[Opening Input data section]
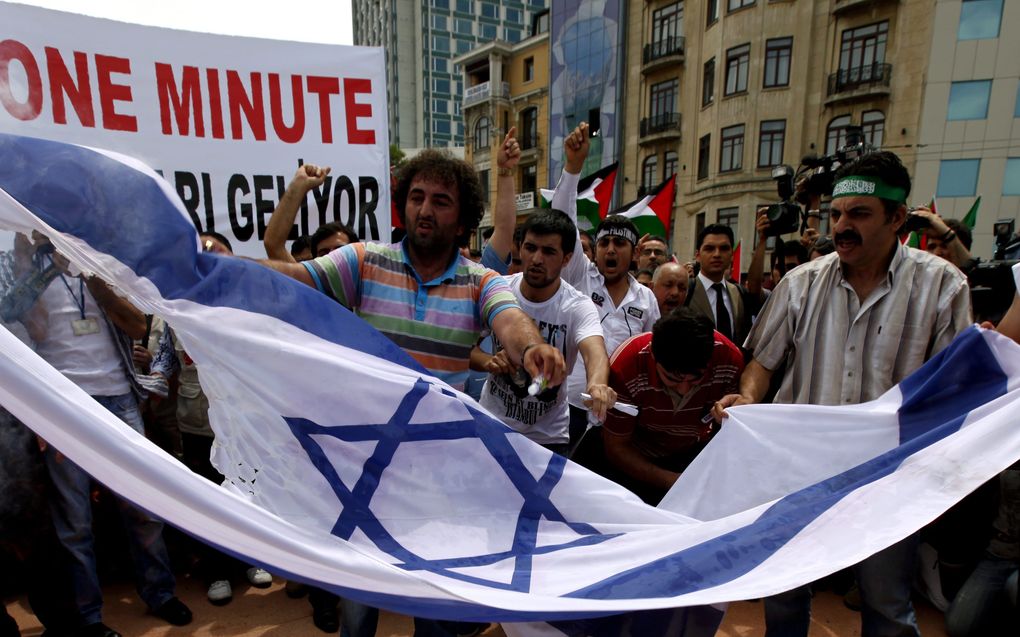 Turkse demonstranten verscheuren op 31 mei de Israëlische vlag tijdens een betoging tegen Israël. De relaties tussen beide landen zijn ernstig bekoeld. Foto EPA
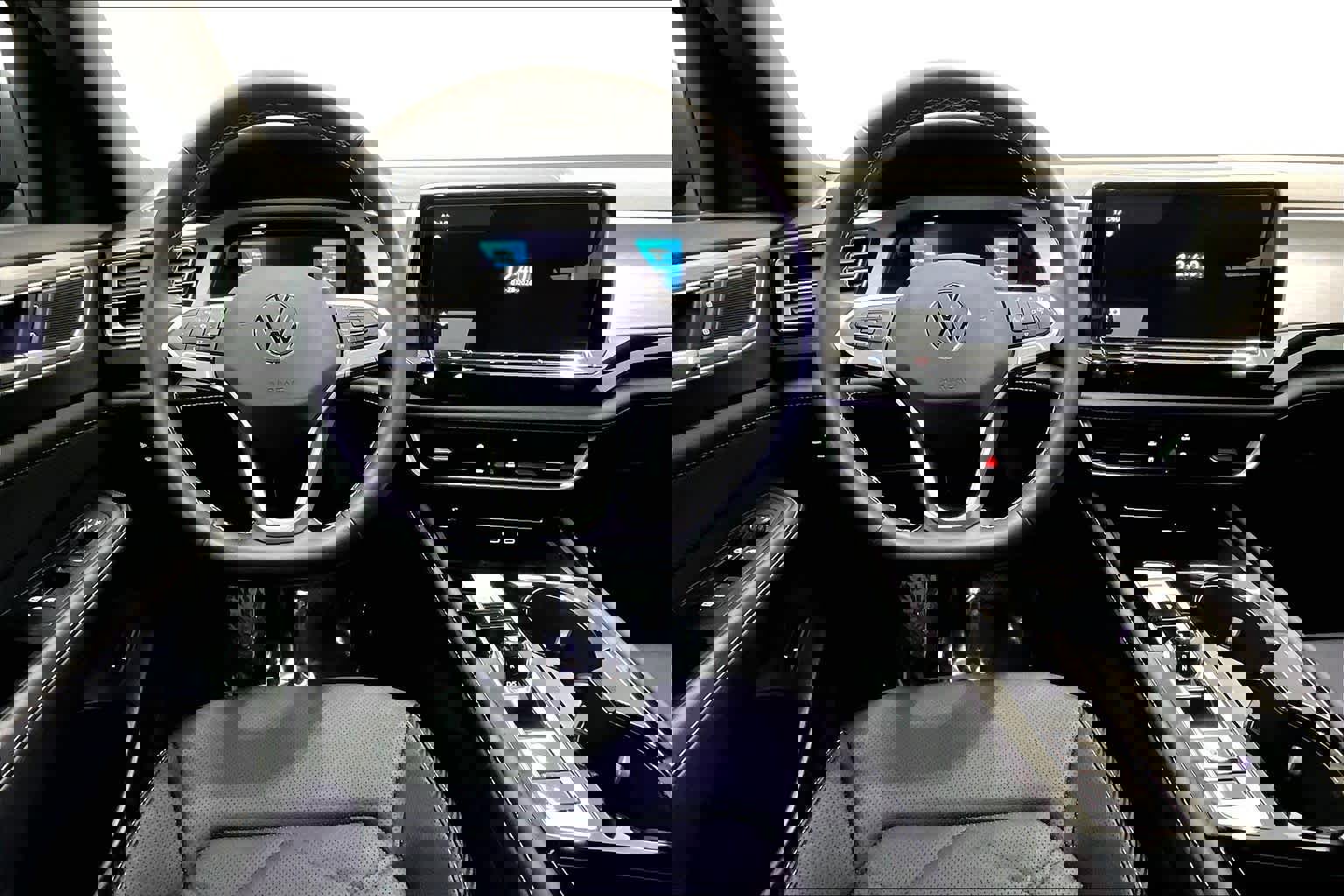 Used 2024 Volkswagen Atlas Cross Sport SE w/ Panoramic Sunroof Package image 6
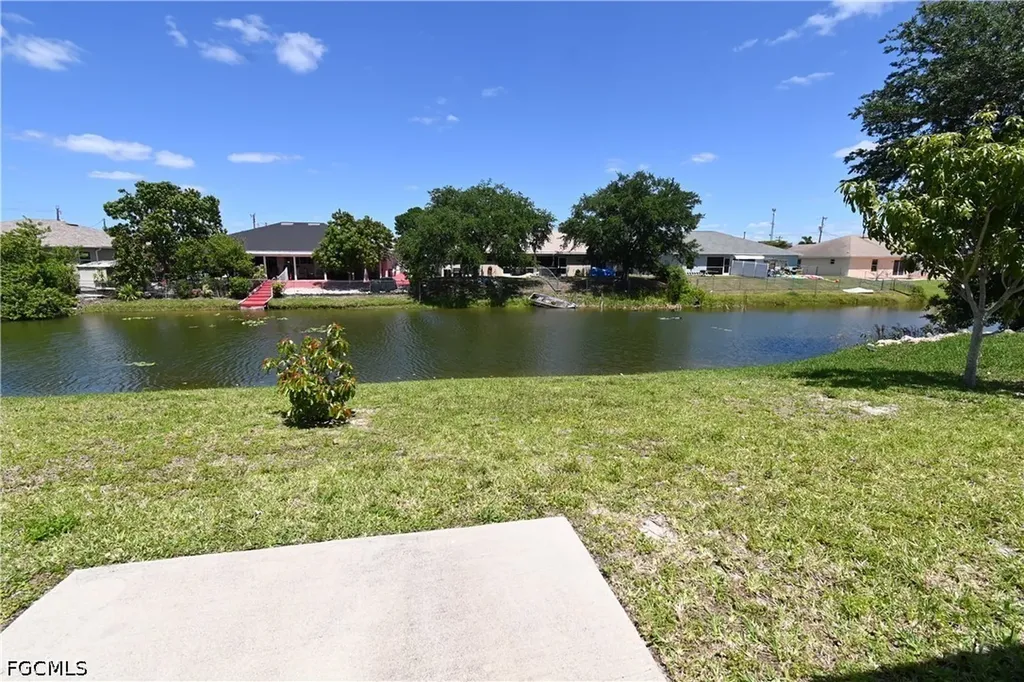613 SE 14th Street Cape Coral FL 33990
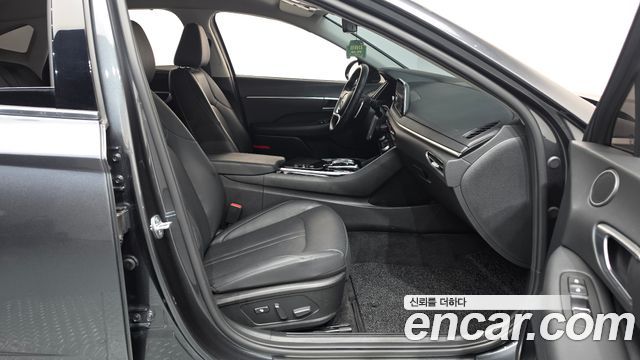 Hyundai Sonata 2021 — photo 11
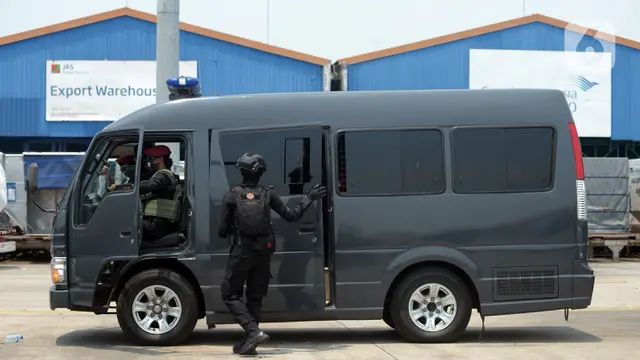 FOTO: 22 Terduga Teroris dari Jawa Timur Dipindahkan ke Jakarta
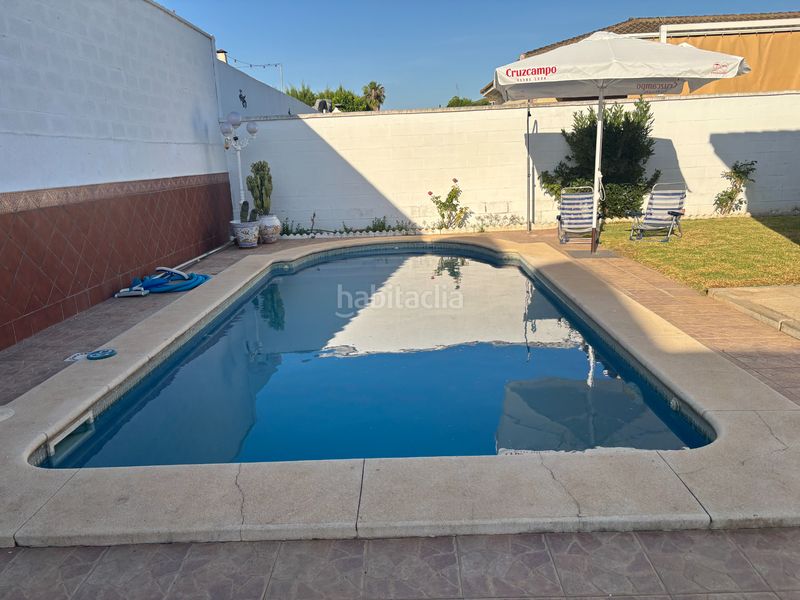 Foto 456ee63e-cd77-4780-b749-bf79fa123c86. Xalet amb xemeneia aparcament piscina a Almensilla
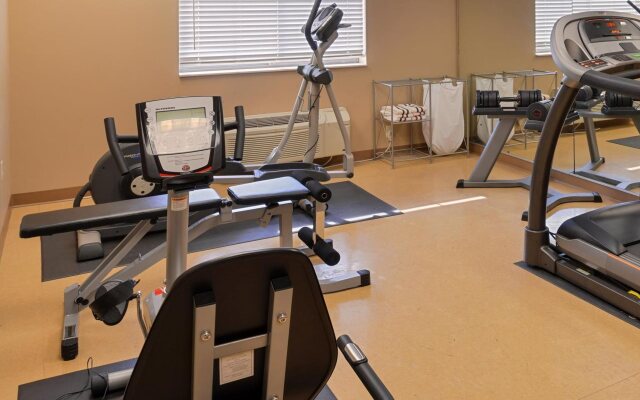 Country Hearth Inn & Suites Edwardsville St. Louis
[Closing Input data section]
Each line from the one that holds "Hyundai Sonata 2021 — photo 11" through the final line of the data must be retyped exactly; the pictures must not appear.

Response below:
 Hyundai Sonata 2021 — photo 11
 FOTO: 22 Terduga Teroris dari Jawa Timur Dipindahkan ke Jakarta
 Foto 456ee63e-cd77-4780-b749-bf79fa123c86. Xalet amb xemeneia aparcament piscina a Almensilla
 Country Hearth Inn & Suites Edwardsville St. Louis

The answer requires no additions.